### AIM OF THE TASK
Write out the records below word for word, please.

======== RECORDS SUPPLIED ========

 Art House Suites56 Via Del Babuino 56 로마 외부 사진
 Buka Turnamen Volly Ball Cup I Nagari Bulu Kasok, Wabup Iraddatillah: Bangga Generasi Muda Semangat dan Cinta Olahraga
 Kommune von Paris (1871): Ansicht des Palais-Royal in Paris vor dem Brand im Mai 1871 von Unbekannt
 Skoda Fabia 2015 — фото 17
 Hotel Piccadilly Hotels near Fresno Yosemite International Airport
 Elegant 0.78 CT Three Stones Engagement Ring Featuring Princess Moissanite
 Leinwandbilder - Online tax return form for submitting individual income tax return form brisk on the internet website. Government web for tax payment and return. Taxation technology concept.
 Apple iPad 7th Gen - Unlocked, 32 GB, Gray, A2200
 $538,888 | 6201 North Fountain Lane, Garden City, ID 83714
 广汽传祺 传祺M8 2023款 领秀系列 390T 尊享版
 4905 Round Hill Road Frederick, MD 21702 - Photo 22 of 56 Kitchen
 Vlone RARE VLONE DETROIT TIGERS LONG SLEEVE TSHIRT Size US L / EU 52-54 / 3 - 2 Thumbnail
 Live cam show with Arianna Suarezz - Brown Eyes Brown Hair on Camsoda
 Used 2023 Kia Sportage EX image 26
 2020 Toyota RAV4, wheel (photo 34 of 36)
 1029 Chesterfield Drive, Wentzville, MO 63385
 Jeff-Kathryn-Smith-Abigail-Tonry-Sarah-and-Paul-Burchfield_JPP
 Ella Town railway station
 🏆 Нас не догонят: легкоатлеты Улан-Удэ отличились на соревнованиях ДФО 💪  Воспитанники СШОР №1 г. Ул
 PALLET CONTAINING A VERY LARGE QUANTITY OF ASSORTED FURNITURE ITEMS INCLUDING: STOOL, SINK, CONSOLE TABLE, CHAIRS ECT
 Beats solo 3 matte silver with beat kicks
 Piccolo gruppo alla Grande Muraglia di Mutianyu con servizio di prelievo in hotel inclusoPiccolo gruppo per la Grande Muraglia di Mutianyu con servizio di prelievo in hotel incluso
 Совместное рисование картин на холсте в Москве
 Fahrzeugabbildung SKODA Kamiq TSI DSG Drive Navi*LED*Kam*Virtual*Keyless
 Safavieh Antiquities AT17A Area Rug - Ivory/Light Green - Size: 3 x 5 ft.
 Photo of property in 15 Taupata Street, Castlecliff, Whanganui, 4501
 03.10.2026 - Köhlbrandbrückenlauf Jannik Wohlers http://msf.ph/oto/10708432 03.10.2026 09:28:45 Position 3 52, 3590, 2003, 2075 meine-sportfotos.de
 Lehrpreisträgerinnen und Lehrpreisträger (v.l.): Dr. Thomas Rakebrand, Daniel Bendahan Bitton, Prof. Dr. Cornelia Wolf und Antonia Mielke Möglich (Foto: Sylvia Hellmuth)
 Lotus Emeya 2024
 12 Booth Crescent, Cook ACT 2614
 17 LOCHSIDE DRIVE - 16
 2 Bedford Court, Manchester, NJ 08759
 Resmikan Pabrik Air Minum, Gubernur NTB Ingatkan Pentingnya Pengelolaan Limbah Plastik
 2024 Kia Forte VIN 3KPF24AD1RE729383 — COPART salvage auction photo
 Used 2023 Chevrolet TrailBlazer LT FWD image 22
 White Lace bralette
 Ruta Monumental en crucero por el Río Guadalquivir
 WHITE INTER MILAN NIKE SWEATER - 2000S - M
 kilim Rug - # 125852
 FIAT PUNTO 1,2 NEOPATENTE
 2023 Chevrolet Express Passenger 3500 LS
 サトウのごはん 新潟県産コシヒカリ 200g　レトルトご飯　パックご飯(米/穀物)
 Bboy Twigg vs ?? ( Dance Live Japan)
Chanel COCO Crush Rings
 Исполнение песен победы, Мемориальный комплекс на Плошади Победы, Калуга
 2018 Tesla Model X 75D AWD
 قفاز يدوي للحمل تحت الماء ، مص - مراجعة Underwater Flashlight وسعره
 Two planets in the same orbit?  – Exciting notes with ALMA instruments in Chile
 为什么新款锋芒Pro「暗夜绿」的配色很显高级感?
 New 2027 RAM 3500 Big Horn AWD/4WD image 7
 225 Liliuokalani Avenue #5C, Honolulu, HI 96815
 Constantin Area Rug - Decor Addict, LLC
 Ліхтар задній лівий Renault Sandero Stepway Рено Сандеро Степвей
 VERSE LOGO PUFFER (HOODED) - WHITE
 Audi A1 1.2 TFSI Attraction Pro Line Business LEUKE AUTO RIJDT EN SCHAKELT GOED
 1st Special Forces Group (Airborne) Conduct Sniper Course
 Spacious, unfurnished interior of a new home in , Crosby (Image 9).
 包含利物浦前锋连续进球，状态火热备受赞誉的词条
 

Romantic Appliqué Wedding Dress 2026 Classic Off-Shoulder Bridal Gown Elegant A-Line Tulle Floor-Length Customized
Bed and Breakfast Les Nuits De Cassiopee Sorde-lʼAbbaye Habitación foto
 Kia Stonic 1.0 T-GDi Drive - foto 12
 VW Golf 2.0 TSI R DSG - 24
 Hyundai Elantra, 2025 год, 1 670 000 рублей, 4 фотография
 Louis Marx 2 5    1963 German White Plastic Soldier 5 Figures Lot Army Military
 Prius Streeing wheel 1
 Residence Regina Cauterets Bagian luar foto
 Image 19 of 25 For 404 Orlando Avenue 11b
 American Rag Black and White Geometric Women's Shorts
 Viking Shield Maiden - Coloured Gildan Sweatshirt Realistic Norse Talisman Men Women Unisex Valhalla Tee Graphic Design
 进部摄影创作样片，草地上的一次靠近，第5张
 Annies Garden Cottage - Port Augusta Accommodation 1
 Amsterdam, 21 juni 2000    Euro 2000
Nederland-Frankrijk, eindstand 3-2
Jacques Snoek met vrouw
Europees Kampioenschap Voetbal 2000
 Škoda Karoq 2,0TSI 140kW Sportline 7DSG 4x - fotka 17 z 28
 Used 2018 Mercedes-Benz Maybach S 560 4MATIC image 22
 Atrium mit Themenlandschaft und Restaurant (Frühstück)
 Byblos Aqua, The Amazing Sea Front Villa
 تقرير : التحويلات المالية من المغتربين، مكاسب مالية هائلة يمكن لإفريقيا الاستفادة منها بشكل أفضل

========

### WRITTEN RESPONSE
 Art House Suites56 Via Del Babuino 56 로마 외부 사진
 Buka Turnamen Volly Ball Cup I Nagari Bulu Kasok, Wabup Iraddatillah: Bangga Generasi Muda Semangat dan Cinta Olahraga
 Kommune von Paris (1871): Ansicht des Palais-Royal in Paris vor dem Brand im Mai 1871 von Unbekannt
 Skoda Fabia 2015 — фото 17
 Hotel Piccadilly Hotels near Fresno Yosemite International Airport
 Elegant 0.78 CT Three Stones Engagement Ring Featuring Princess Moissanite
 Leinwandbilder - Online tax return form for submitting individual income tax return form brisk on the internet website. Government web for tax payment and return. Taxation technology concept.
 Apple iPad 7th Gen - Unlocked, 32 GB, Gray, A2200
 $538,888 | 6201 North Fountain Lane, Garden City, ID 83714
 广汽传祺 传祺M8 2023款 领秀系列 390T 尊享版
 4905 Round Hill Road Frederick, MD 21702 - Photo 22 of 56 Kitchen
 Vlone RARE VLONE DETROIT TIGERS LONG SLEEVE TSHIRT Size US L / EU 52-54 / 3 - 2 Thumbnail
 Live cam show with Arianna Suarezz - Brown Eyes Brown Hair on Camsoda
 Used 2023 Kia Sportage EX image 26
 2020 Toyota RAV4, wheel (photo 34 of 36)
 1029 Chesterfield Drive, Wentzville, MO 63385
 Jeff-Kathryn-Smith-Abigail-Tonry-Sarah-and-Paul-Burchfield_JPP
 Ella Town railway station
 🏆 Нас не догонят: легкоатлеты Улан-Удэ отличились на соревнованиях ДФО 💪  Воспитанники СШОР №1 г. Ул
 PALLET CONTAINING A VERY LARGE QUANTITY OF ASSORTED FURNITURE ITEMS INCLUDING: STOOL, SINK, CONSOLE TABLE, CHAIRS ECT
 Beats solo 3 matte silver with beat kicks
 Piccolo gruppo alla Grande Muraglia di Mutianyu con servizio di prelievo in hotel inclusoPiccolo gruppo per la Grande Muraglia di Mutianyu con servizio di prelievo in hotel incluso
 Совместное рисование картин на холсте в Москве
 Fahrzeugabbildung SKODA Kamiq TSI DSG Drive Navi*LED*Kam*Virtual*Keyless
 Safavieh Antiquities AT17A Area Rug - Ivory/Light Green - Size: 3 x 5 ft.
 Photo of property in 15 Taupata Street, Castlecliff, Whanganui, 4501
 03.10.2026 - Köhlbrandbrückenlauf Jannik Wohlers http://msf.ph/oto/10708432 03.10.2026 09:28:45 Position 3 52, 3590, 2003, 2075 meine-sportfotos.de
 Lehrpreisträgerinnen und Lehrpreisträger (v.l.): Dr. Thomas Rakebrand, Daniel Bendahan Bitton, Prof. Dr. Cornelia Wolf und Antonia Mielke Möglich (Foto: Sylvia Hellmuth)
 Lotus Emeya 2024
 12 Booth Crescent, Cook ACT 2614
 17 LOCHSIDE DRIVE - 16
 2 Bedford Court, Manchester, NJ 08759
 Resmikan Pabrik Air Minum, Gubernur NTB Ingatkan Pentingnya Pengelolaan Limbah Plastik
 2024 Kia Forte VIN 3KPF24AD1RE729383 — COPART salvage auction photo
 Used 2023 Chevrolet TrailBlazer LT FWD image 22
 White Lace bralette
 Ruta Monumental en crucero por el Río Guadalquivir
 WHITE INTER MILAN NIKE SWEATER - 2000S - M
 kilim Rug - # 125852
 FIAT PUNTO 1,2 NEOPATENTE
 2023 Chevrolet Express Passenger 3500 LS
 サトウのごはん 新潟県産コシヒカリ 200g　レトルトご飯　パックご飯(米/穀物)
 Bboy Twigg vs ?? ( Dance Live Japan)
Chanel COCO Crush Rings
 Исполнение песен победы, Мемориальный комплекс на Плошади Победы, Калуга
 2018 Tesla Model X 75D AWD
 قفاز يدوي للحمل تحت الماء ، مص - مراجعة Underwater Flashlight وسعره
 Two planets in the same orbit?  – Exciting notes with ALMA instruments in Chile
 为什么新款锋芒Pro「暗夜绿」的配色很显高级感?
 New 2027 RAM 3500 Big Horn AWD/4WD image 7
 225 Liliuokalani Avenue #5C, Honolulu, HI 96815
 Constantin Area Rug - Decor Addict, LLC
 Ліхтар задній лівий Renault Sandero Stepway Рено Сандеро Степвей
 VERSE LOGO PUFFER (HOODED) - WHITE
 Audi A1 1.2 TFSI Attraction Pro Line Business LEUKE AUTO RIJDT EN SCHAKELT GOED
 1st Special Forces Group (Airborne) Conduct Sniper Course
 Spacious, unfurnished interior of a new home in , Crosby (Image 9).
 包含利物浦前锋连续进球，状态火热备受赞誉的词条
 

Romantic Appliqué Wedding Dress 2026 Classic Off-Shoulder Bridal Gown Elegant A-Line Tulle Floor-Length Customized
Bed and Breakfast Les Nuits De Cassiopee Sorde-lʼAbbaye Habitación foto
 Kia Stonic 1.0 T-GDi Drive - foto 12
 VW Golf 2.0 TSI R DSG - 24
 Hyundai Elantra, 2025 год, 1 670 000 рублей, 4 фотография
 Louis Marx 2 5    1963 German White Plastic Soldier 5 Figures Lot Army Military
 Prius Streeing wheel 1
 Residence Regina Cauterets Bagian luar foto
 Image 19 of 25 For 404 Orlando Avenue 11b
 American Rag Black and White Geometric Women's Shorts
 Viking Shield Maiden - Coloured Gildan Sweatshirt Realistic Norse Talisman Men Women Unisex Valhalla Tee Graphic Design
 进部摄影创作样片，草地上的一次靠近，第5张
 Annies Garden Cottage - Port Augusta Accommodation 1
 Amsterdam, 21 juni 2000    Euro 2000
Nederland-Frankrijk, eindstand 3-2
Jacques Snoek met vrouw
Europees Kampioenschap Voetbal 2000
 Škoda Karoq 2,0TSI 140kW Sportline 7DSG 4x - fotka 17 z 28
 Used 2018 Mercedes-Benz Maybach S 560 4MATIC image 22
 Atrium mit Themenlandschaft und Restaurant (Frühstück)
 Byblos Aqua, The Amazing Sea Front Villa
 تقرير : التحويلات المالية من المغتربين، مكاسب مالية هائلة يمكن لإفريقيا الاستفادة منها بشكل أفضل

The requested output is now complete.